Records excerpted from a collection:
* * * * * * *

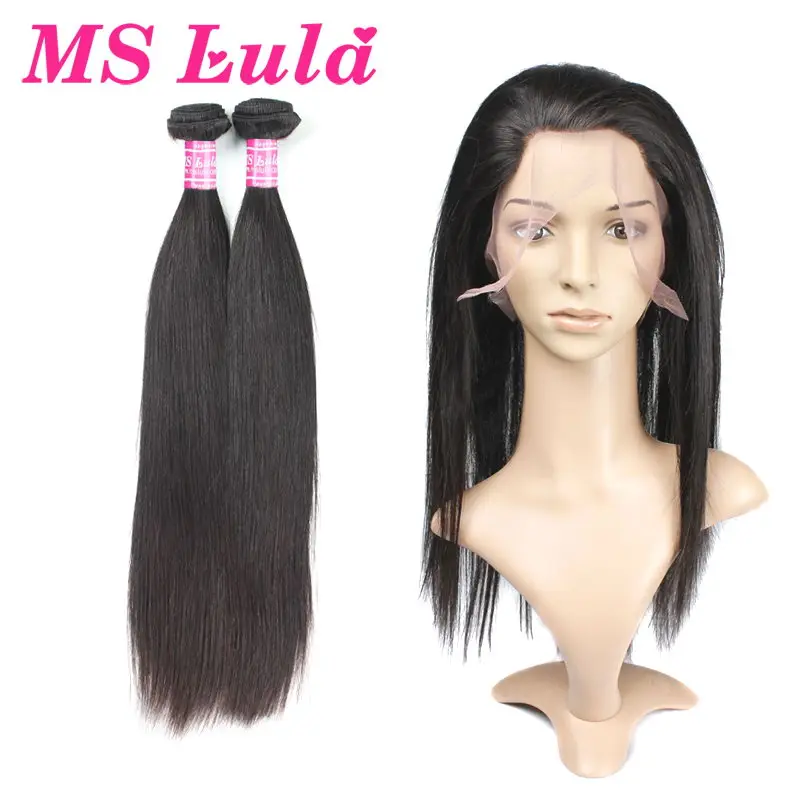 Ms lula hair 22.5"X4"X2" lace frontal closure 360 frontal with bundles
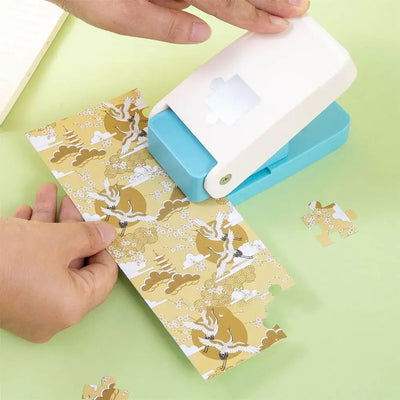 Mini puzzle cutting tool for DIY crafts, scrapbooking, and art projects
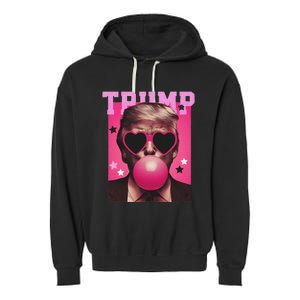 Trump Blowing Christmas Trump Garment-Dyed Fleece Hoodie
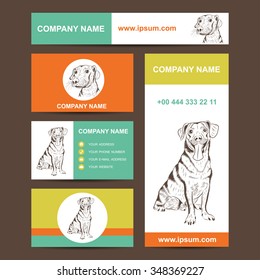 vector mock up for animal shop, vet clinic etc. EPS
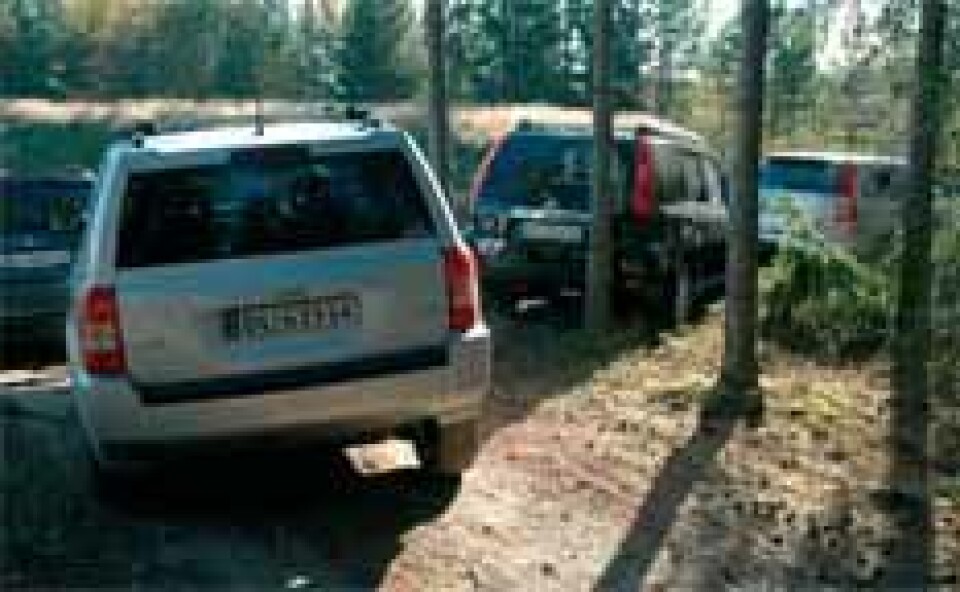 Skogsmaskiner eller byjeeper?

* * * * * * *

#### INSTRUCTIONS TO FOLLOW
Keep the pictures out of your copy, and repeat every entry above exactly.

#### WRITTEN SOLUTION
 Ms lula hair 22.5"X4"X2" lace frontal closure 360 frontal with bundles
 Mini puzzle cutting tool for DIY crafts, scrapbooking, and art projects
 Trump Blowing Christmas Trump Garment-Dyed Fleece Hoodie
 vector mock up for animal shop, vet clinic etc. EPS
 Skogsmaskiner eller byjeeper?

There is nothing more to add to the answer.